そして、次が本物の人の一番の特徴と言える。誤解を恐れずにいうとバカなのだ。それも究極のバカだ。どういうことかと言うと、四六時中、もうそのことしか考えていない。木村さんで言うなら「無農薬りんごバカ」なのである。24時間365日無農薬のりんごの栽培を成功させること以外考えていない。木村さんの著書や、映画を観た方は知っていると思いますが、彼の場合は結果的に人生が破滅する寸前までいってしまう。りんごという果物は農薬ありきで栽培されてきた果物らしく、それまで無農薬で栽培に成功した事例は世界に一つもなかったと言う。世界のどこにも前例がない中、手探りで始めた無農薬のりんご栽培は困難を極めた。害虫の大発生から始まり、その影響で近隣の農家からも苦情を言われ、さらに嫌がらせまで受けるようになってしまう。果実がならなければ当然収入も得られない。農業以外の仕事でなんとか食いつないではいたものの、お金は無くなっていく一方。元々は、奥さんが農薬にとても敏感な体質だったために目指した無農薬のりんご栽培であったが、その奥さんや幼い子供達の生活まで困窮させてしまう。そんな八方塞がりのなか、無農薬栽培成功への糸口をつかんで行くのだが、その話は著書に譲るとしよう。そんな、本物の人が一つのことに没入する様は、狂人のようでもある。もはや、大好きとか言うレベルを遥かに超えて、本人にもどうすることもできない、止むに止まれない状態なのだろう。だから「なぜそこまでして?」と聞かれても、本人ですら答えられないのではないか。木村さんの場合は、結果的に大変な苦労をされたたけれども、バカになることと苦労することは全く別の話なので、混同しないで欲しい。

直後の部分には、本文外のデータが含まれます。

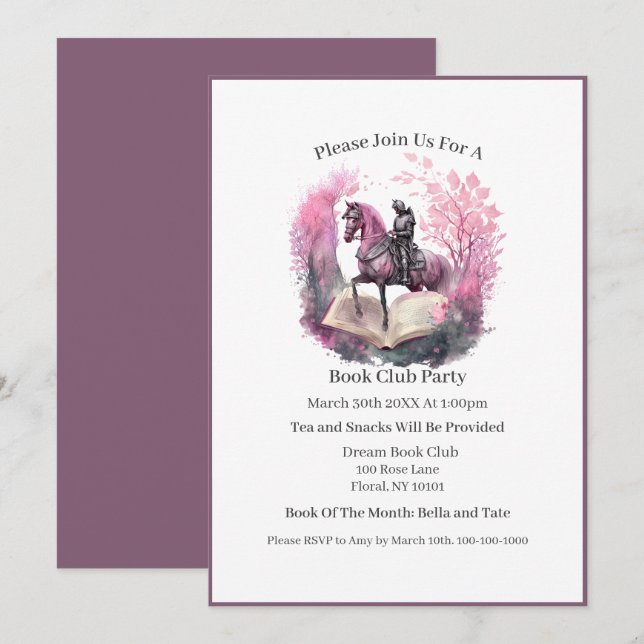 Invitación Amante de Libros de Fantasía, Club de Lectura (Anverso / Reverso)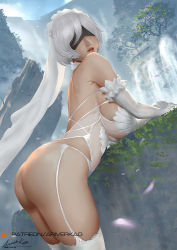 Rule 34 | 1girl, ariverkao, ass, bent over, blindfold, breasts, dated, day, dutch angle, elbow gloves, garter belt, gloves, large breasts, lips, nier (series), nier:automata, outdoors, ruins, short hair, signature, solo, thighhighs, underwear, veil, white gloves, white hair, white thighhighs, 2b (nier:automata)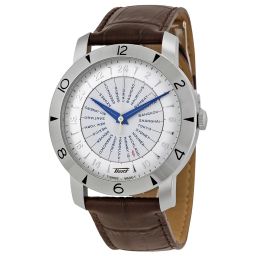 Tissot Heritage Navigator Silver Dial Brown Leather Men's Watch T0786411603700
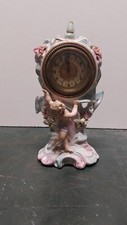 Antico Orologio Da Mensola Porcellana Putto E Decori Floreali 1920 Antiquariato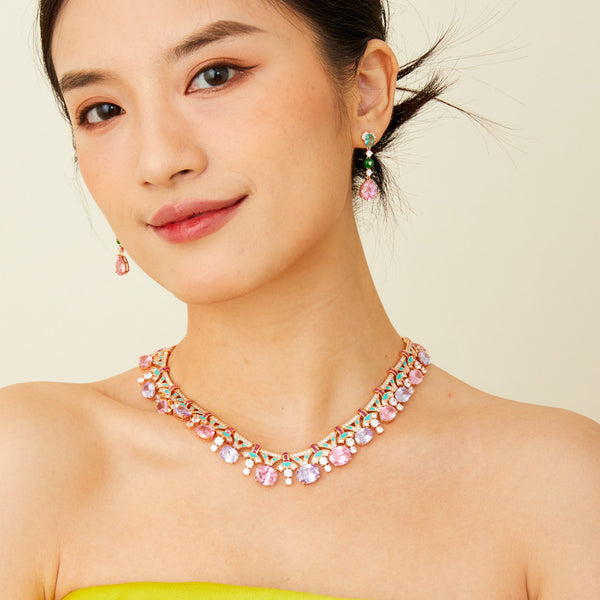 Multi Gemstone Solitaire Pink Purple Necklace Earring For Women Bulk Main image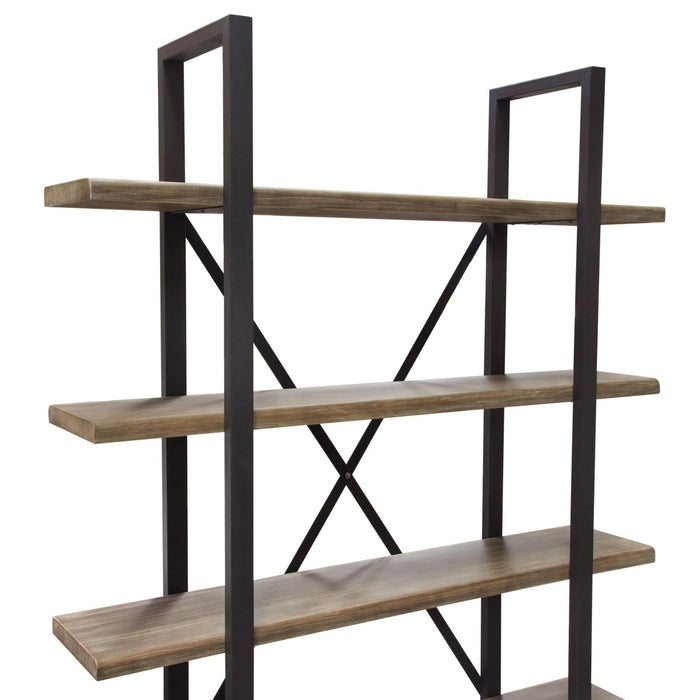 Montana 73" 4-Tiered Shelf Unit in Rustic Oak Finish with Iron Frame by Diamond Sofa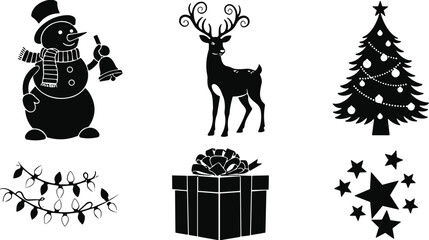 Set of Black Christmas Silhouette Icons: Snowman, Reindeer, Tree, Gift Box, and Stars; Vector Collection for Winter Holiday and New Year Design
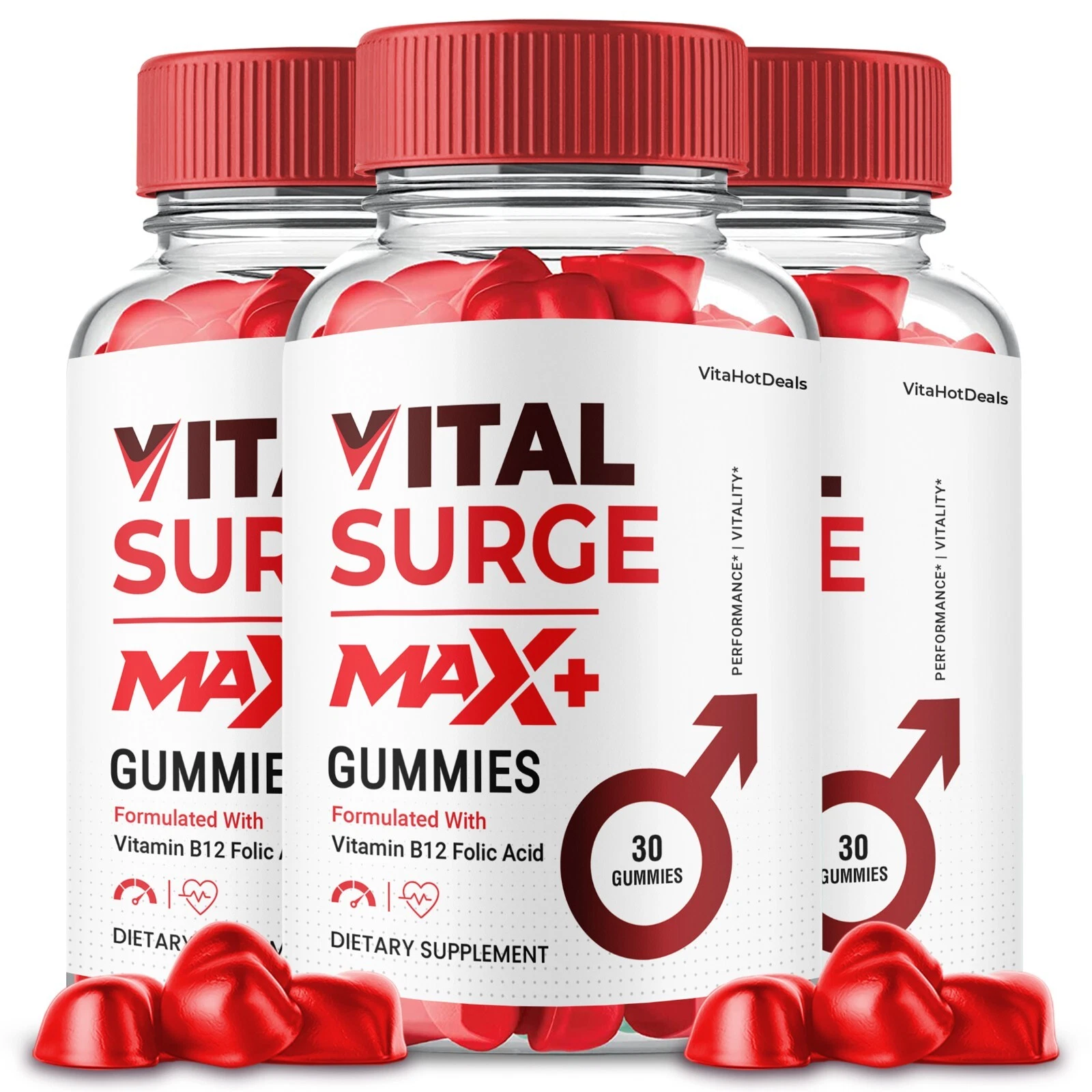 Vital Surge Max + Gummies For Men, VitalSurge Max + Higher Strength (3 Pack)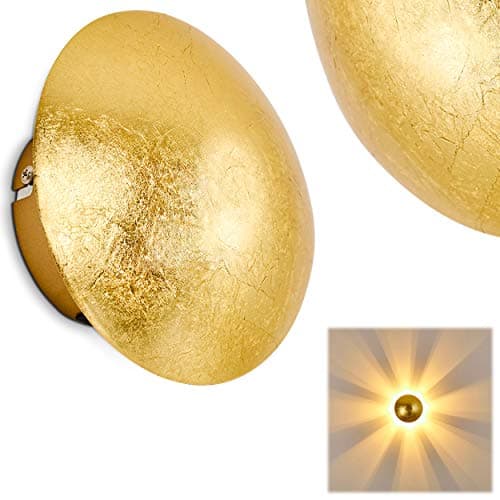 Image of Wall lamp Mezia, Round wall lamp of Metal in Gold with Light Play on the wall, 1 x G9, Indoor wall Light with ray Effect in Structure Gold Optics, Without Bulbs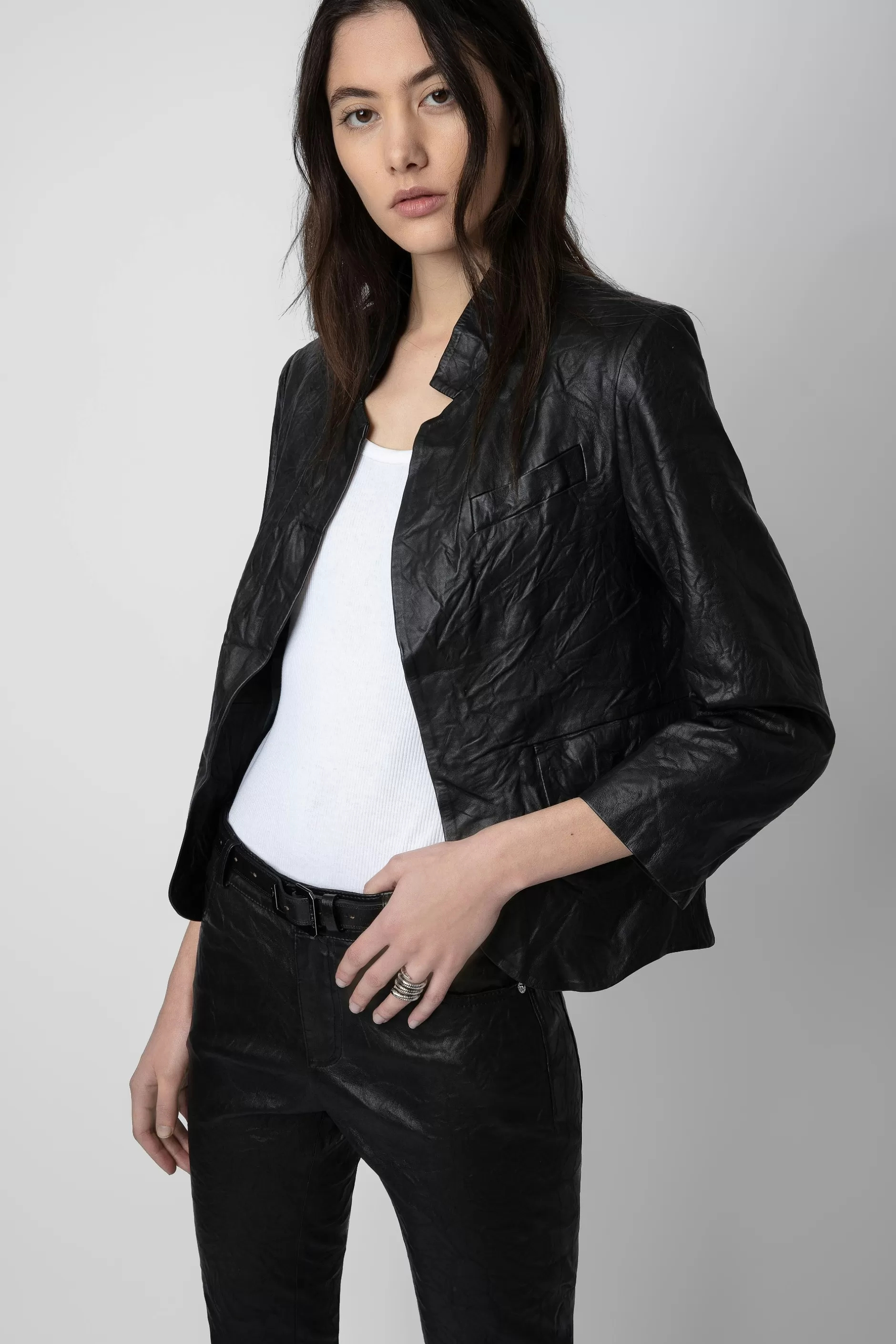 Zadig & Voltaire Verys Blazer Cuir Froisse^Femmes Vestes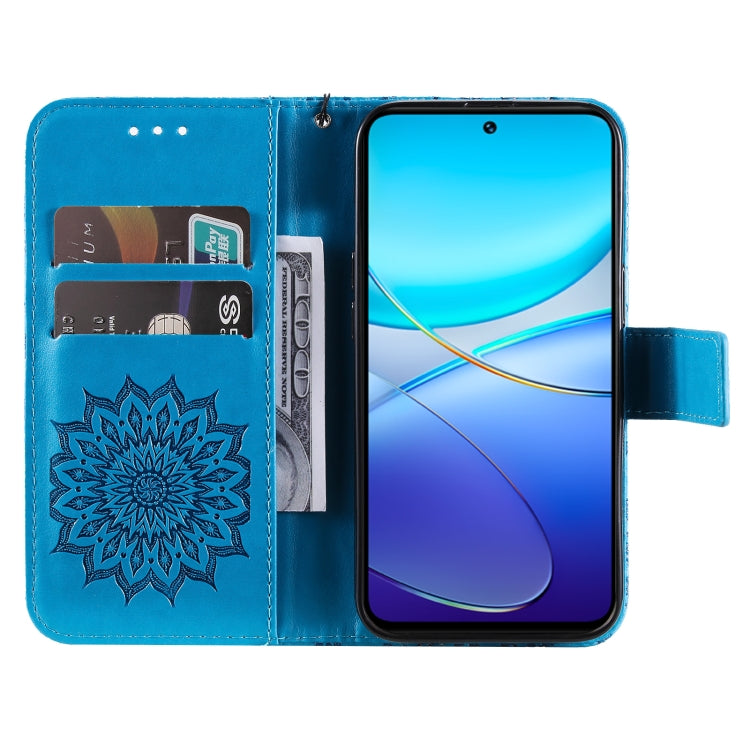 For vivo V40 SE 5G / Y100 IDN Embossed Sunflower Pattern Flip Leather Phone Case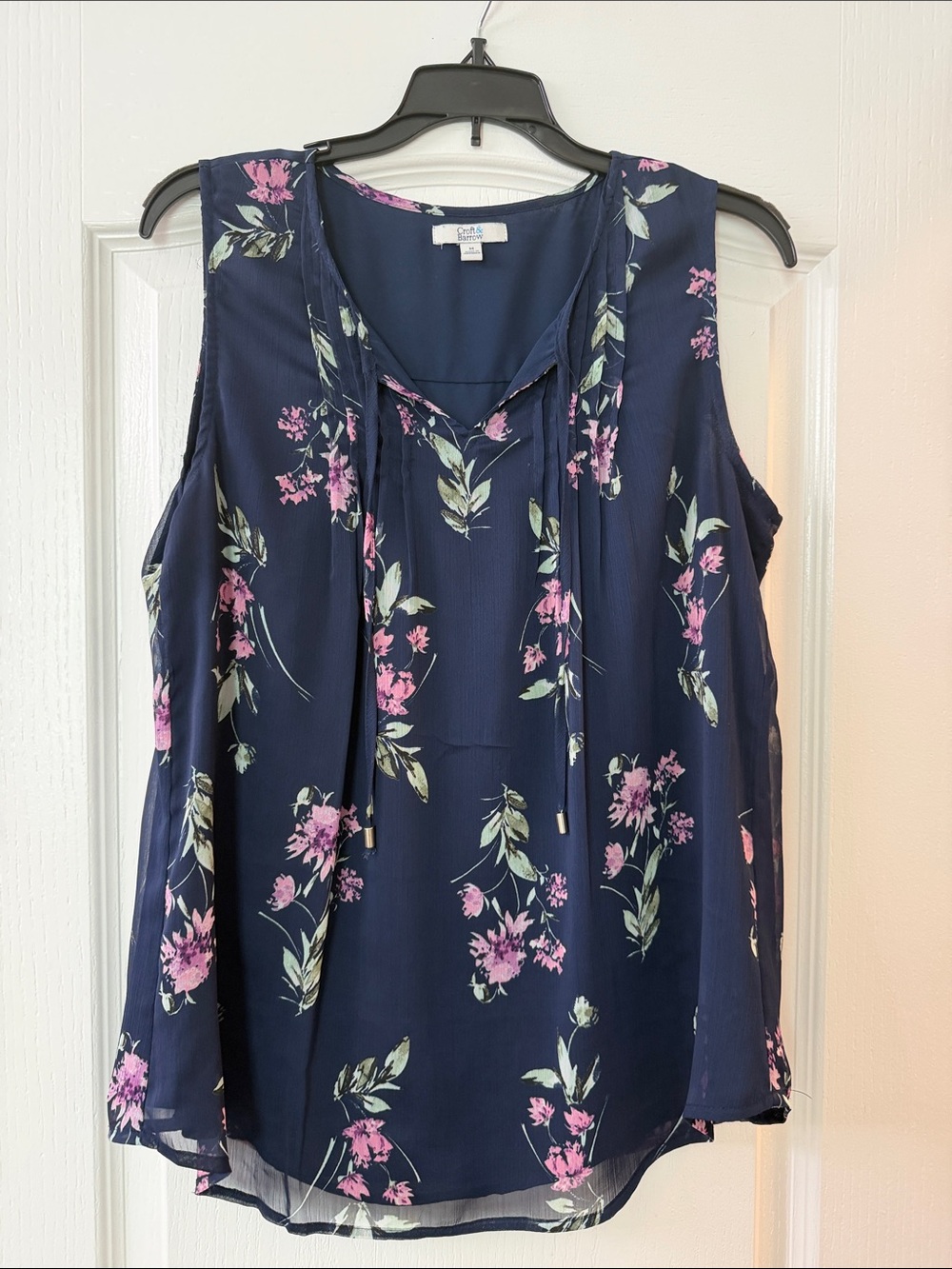 croft & barrow Navy Floral Tie-Front Tank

私の思う本物の中にこん人もいる。その人は、大平洋を超えたはるか遠く、ニューヨークにいた。ファッション写真家のビル・カニンガムさんだ。と言ってもおそらく、彼を知っている人はそれ程多くないはず。でもこの人も、知る人ぞ知る方である。「私は、ビルに写真を撮られるために服を着ている」と言ったのは、アメリカ版『VOGUE』の鬼編集長であり、ファッション界の重鎮アナ・ウィンターだ。それからパリコレと並ぶ、世界4大コレクションの一つ「ニューヨーク・ファッション・ウィーク」で、ビルに撮影されることは、そのスタイルが業界で認められたことを意味するに等しい。ただ、ファッション写真家といっても、彼の場合セットアップされた室内での撮影ではなく、街へ出て、路上でお洒落な人達を撮影するスナップスタイルだ。彼の目は、流行の最先端を捉える千里眼とも言える。彼が撮影したストリートファッションの写真が、ニューヨーク・タイムズ誌の人気ファッションコラム「One the street」に掲載されると、数カ月後にそれがトレンドになって表れるということがしばしば起こる。そんな、彼のことを撮影したドキュメンタリー映画『ビル・カニンガム & ニューヨーク』を観ると、ああ木村さんと似ているなと感じるのだ。彼も、やはりお金や名声に全く興味がない。彼にとって自由にストリートファッションを撮影できること以上に価値があるものは存在しないのだ。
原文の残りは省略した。